Compare the throughput of vector floating point add: mm256_add_ps (1 instruction every clock on Haswell)

https://software.intel.com/sites/landingpage/IntrinsicsGuide/#techs=AVX,AVX2&cats=Arithmetic&expand=112

With that of vector floating point multiply: mm256_mul_ps (1 instruction every 1/2 clock on Haswell, actually higher throughput than adds! -- note in the intrinsics guide "throughput" is giving clocks per instruction not instructions per clock.)

https://software.intel.com/sites/landingpage/IntrinsicsGuide/#techs=AVX,AVX2&cats=Arithmetic&expand=3641

With that of vector floating point divide: mm256_div_ps (1 divide every 13 cycles on Haswell, 13x slower!)

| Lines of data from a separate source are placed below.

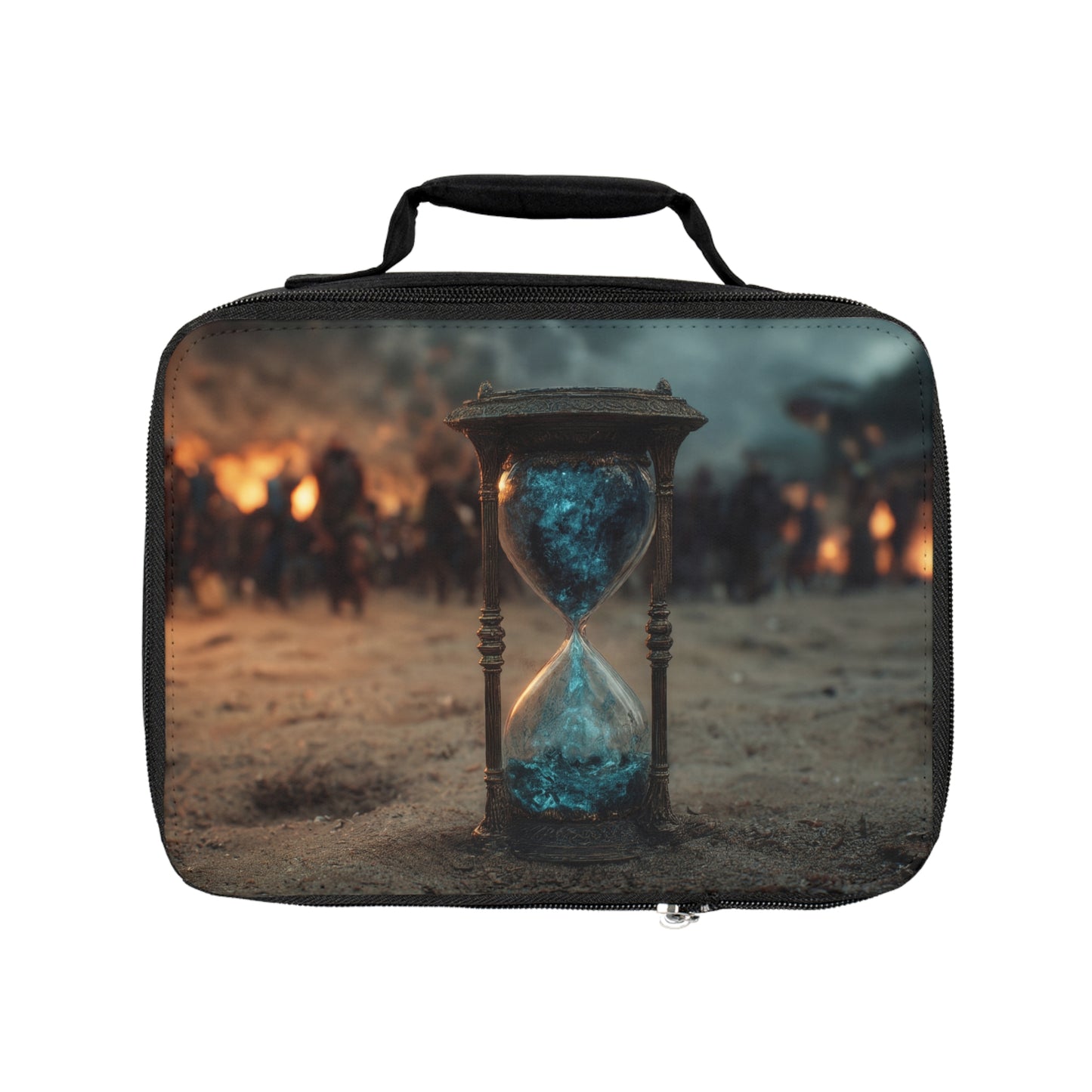 Hourglass of Destiny Lunch Bag – Blue Sands Before the Battle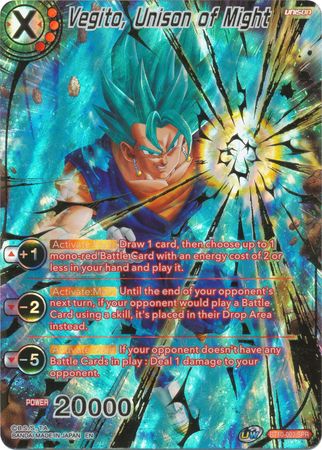 Vegito, Unison of Might (SPR) (BT10-003) [Rise of the Unison Warrior 2nd Edition] | Pegasus Games WI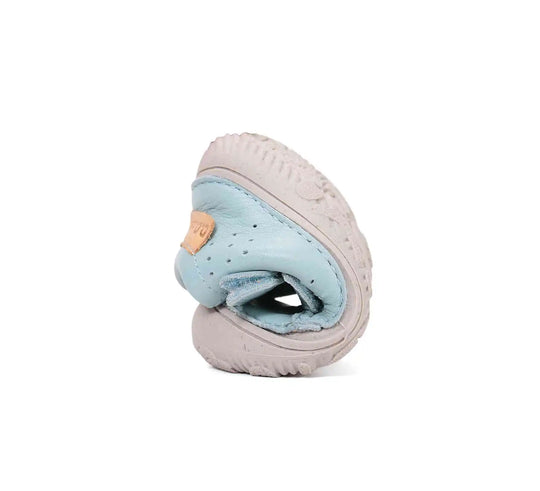 Kinder Barfuß Frühling Jungen Lederschuhe Oceanicblau D.D.step ddstep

https://software.intel.com/sites/landingpage/IntrinsicsGuide/#techs=AVX,AVX2&cats=Arithmetic&expand=2059

Aside: So I lied a bit. In practice on Haswell and later, there's a single instruction fused multiply-add instruction, and two of these instructions can be issued per clock (1 instruction every 1/2 clock), so you can do 2 8-wide multiply-adds per clock, provided your application can be a little loose with its floating point precision. See mm256_fmadd_ps:

https://software.intel.com/sites/landingpage/IntrinsicsGuide/#techs=FMA&cats=Arithmetic&expand=2381,112,100,2381

tding

@kayvonf Thanks for pointing that out. Admittedly, instructions are made faster and faster, but I think the takeaway from this example is that different execution paths (orders of executing *s and +s) could lead to different performance.

acfeng

If common arithmetic operations are similarly performant, in this case would having a dual-core processor instead of a triple-core processor to process the arithmetic only marginally affect the performance?

notanonymous

Is this type of independence tree actually used as an implementation or just a handy abstraction to understand the different operations that can be computed in parallel?